311 Pelican Court - Debbie Macomber [64]
“What time’s your appointment?” Peggy asked.
“Ten.”
“I’ll be ready,” she promised him.
A few hours later, Bob and Peggy arrived at Roy McAfee’s office not far from the Harbor Street Art Gallery. Corrie, Roy’s wife, acted as his secretary. Peggy liked Corrie, although she didn’t know her well. Roy was a no-nonsense man, a stolid, Detective Friday kind of investigator who tracked down the facts. The similarity between Roy and Joe Friday from the old Dragnet TV show reassured Peggy. He was a bit distant, an observer, a man who didn’t allow emotion to cloud an investigation. Corrie was just the opposite, warm and outgoing. Even though she now worked for her husband, she appeared to be the stay-at-home-and-bakecookies type of wife and mother. Peggy suspected that was the reason she’d been drawn to Corrie. They were a lot alike.
As they sat in the reception room, Peggy picked up an old issue of Readers’ Digest and Bob jiggled his foot incessantly. It was all she could do not to reach over and stop him.
“Roy can see you now,” Corrie announced, holding open the door.
Peggy looked at her husband, silently wondering if he wanted her to go in with him.
“Not right now.” Bob shook his head. “I think I’d like to talk to Roy alone, if you don’t mind.”
He’d gone pale, she noted. “Of course. Whatever you want.”
Bob walked into the room and closed the door. Peggy gazed anxiously after him. She didn’t know what he was going to ask Roy, or if he had anything he needed to hide.
Now it was Peggy who did the pacing.
“I’ve always meant to ask you about your herb garden,” Corrie said from behind her desk. “How did you get started?”

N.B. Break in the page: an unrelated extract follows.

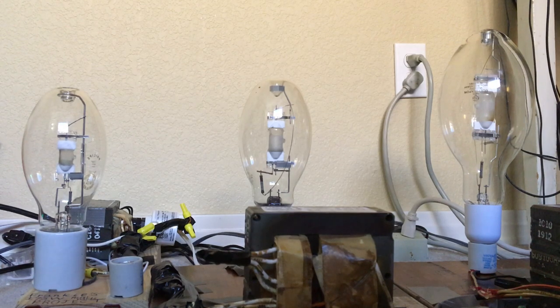Hello everybody! Today I'm going to show you all of my three metal halide bulbs turning on at once. Why, you may ask? Because today is my first year anniversary of knowing these types of high intensity discharge bulbs used for street light and parking lot fixtures, along with flood lights.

Peggy folded her arms and looked out the office window, onto Harbor Street. “By accident, actually. Years ago we bought a house that had a rosemary bush and I loved the scent of it. I clipped branches from it so often that I soon bought a second plant and then a third. Before I knew it, I was buying bay and sage and basil. I found out that I have a knack for growing herbs. When we decided to move back to Cedar Cove—”
“Oh, you lived here earlier?”
Peggy nodded. “Bob and I both graduated from Cedar Cove High School. Bob was in the class of 1966 and I graduated two years later in ’68.”
“We’re close to the same age,” Corrie said. “I’m forty-seven and Roy is fifty-one.”
“Do you have a herb garden?” Peggy asked.
Corrie shook her head. “No, but I’d like one. Any suggestions?”
Peggy recognized that Corrie was distracting her, but she didn’t mind. The other woman seemed genuinely interested in learning about herbs. “Come visit anytime,” Peggy invited. “I’ll give you a few plants to start off with in the spring.”
“I’d love that,” Corrie told her.
“Bob planted the blueberries.” Now that she was talking, Peggy couldn’t seem to stop. “We have our own small patch at the side of the house. They need lots of water and it’s a struggle to keep the deer out of them.”
They must have talked for twenty minutes about recipes, especially ones with blueberries. Peggy stopped abruptly when the door opened and Roy stuck his head out.
“Peggy, would you join us?”
She nodded and walked into the room on shaky legs. Claiming the empty chair next to her husband, she reached for Bob’s hand. His fingers tightened around hers.
“I told Roy what happened in Nam,” Bob said, his voice low and emotional. “I told him there were four of us, all under twenty-five. We made a pact never to talk about it. I don’t know if our John Doe has anything to do with this, but I’ve asked Roy to find out what he can.”
On the night twenty years earlier, when Bob had described that day in the jungle, he’d vowed never to speak of it again. Telling her had been a one-time thing, an act of self-preservation. The burden of carrying his secret had nearly destroyed him and their marriage.
“Dan Sherman was with me.”
“Dan?” Peggy gasped. He’d never told her his high-school friend had been in that hellish fight until now.